Thursday, September 22, 2011

Chapter Thirty-Five


Shoulders Hill, Virginia
9:51 AM

I had arrived an hour earlier.  I sat in the car across the street from the storage facility.  I was fighting it, but knew what was coming -- not what might be coming from outside, but from my own body.
I was exhausted. Shooting pains fired in my legs. A dull throb beat my head. My skin felt afire.  Fibromyalgia had me.
I never know when it will flare up.  Stress, extraordinary effort, weather – all could tip me over the edge.  I could push it back some with mass quantities of Vicodin.  But I had just counted the number I had left and felt sick dread wash over me when I found I had too few.  My addled brain doesn't keep track of these things.  Some months I have plenty left when the refill is due.  Others, like now, barely enough. 
I opened the bottle and grabbed a pill.  I wanted two.  I looked at it for a while and fought the urge.
I broke the pill in half with my thumb, then dropped the second half back into the bottle and screwed it shut.  I had nothing to take it with so mustered some saliva and choked it down.  They taste bad.
Waiting would not make this easier.  So I re-started the car.  I had just entered the four lane when a truck’s horn blared at me.
My heart raced.
How did I not see that truck?
I backed off the road, put the El Camino into park again and tried to slow my breathing.  I felt sick.
A light rain began to fall.  Thunder rumbled in the distance.  I checked my pulse.  Slowly, my body regained equilibrium.
After double-checking each way, I pulled across the highway and into the parking lot of the cold storage facility.  The lot was only half full.  Probably the economy.  An open space fell between a beat Camry and a pickup with designer wheels. 
What the hell do I do now?  Walk in and say, "You guys know anything strange about Head, Shoulders, Knees & Toes?"
My body spasmed.  I sat, flinching from pain, and stared at the front door.  The door was white, scratched and dented with crappy red lettering that bespoke the company name.  The engine continued its soft purr until I realized I hadn't even put it in park. 
I turned the engine off.  Then I looked at my sea bag.  It was heavy canvas in OD green (olive drab).  At a gas station I had secreted my 1911 pistol into the false bottom I had sewn into the bag long ago.  I wanted to take the pistol, but didn't want to dump the bag's contents if I had to make a quick reach for it.

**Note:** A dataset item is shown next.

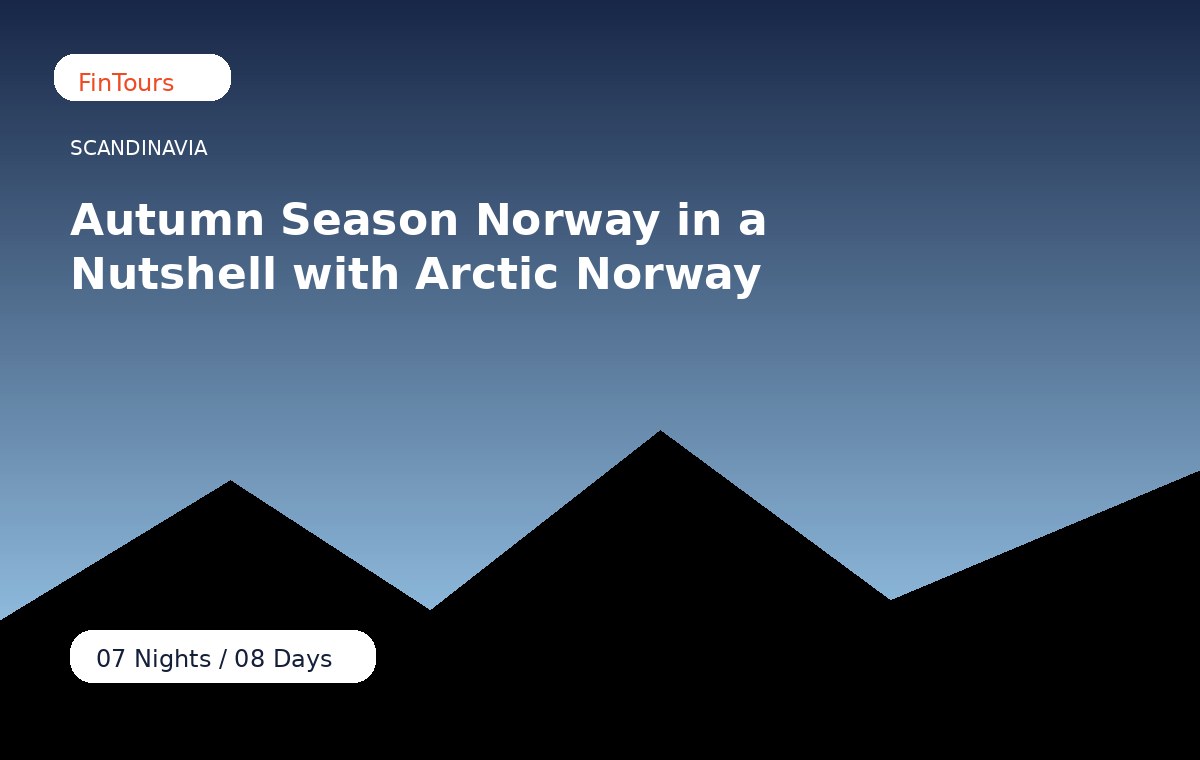 Autumn Season Norway in a Nutshell with Arctic Norway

Shrugging, I grabbed the duffle and pulled it as I got out.  It fell onto the ground but left enough clearance for the door to swing over it.  I locked the door with the key.
Why did I lock it?
I grabbed the strap of the bag, slung it over my shoulder and walked to the entrance.  Taking a deep breath, I opened the door and went in.
Fluorescent lights high above cast shadows in the dim front area.  A forklift groaned somewhere in the back.  A bald man in blue coveralls sat on a stool at the counter with a sheaf of papers in his hand, a pencil in his teeth and glasses low on his nose as he looked into an old computer monitor.  He muttered through the pencil and ignored me as I walked over. 

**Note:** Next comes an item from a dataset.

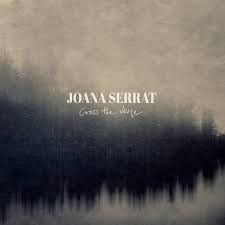 Joana Serrat - Cross The Verge i gruppen CD hos Bengans Skivbutik AB (1889294)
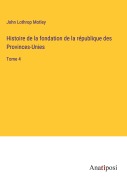 Cover-Bild zum Titel 'Histoire de la fondation de la république des Provinces-Unies' von 'John Lothrop Motley'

He typed with two grubby fingers.  I could see the monitor; it was monochrome black with orange type.  I hadn't seen one of those for twenty years.
I coughed politely.  He ignored me. 
Finally, he took the pencil from between his teeth, hashed some lines across the top paper in his hand, and then peered over his glasses at me.
“Whadda ya want?”  Real friendly.
“I'm expecting a package to be delivered here.”
“Name?”  His expression did not change a wit.
“MacGregor.”
He grunted and looked at his antique screen.  With the same two dirty fingers he pounded the keyboard.  He stared at it for a moment, then grunted again.
“Yeah. Back here.” He grumbled as he lumbered off the stool and started walking. He moved fast for a guy who looked like he'd been glued to that perch forever.
I stood for a moment before realizing he wanted me to follow.  So I did.  He didn't slow down.  I was gassed from driving all night and the sea bag wasn't light. I fought to keep up.  He rounded a corner. When I came to it, I realized he had sped up.  Cinching the strap up from where it had slipped, I half ran to catch him.  A single bulb lit a door at the end of the corridor.  He went through about 50 feet ahead of me.
I jogged to the door and flung it open.
“Hello, Jake,” said Walters.
I stared at him. 
Something hit the back of my head and I dropped to the floor.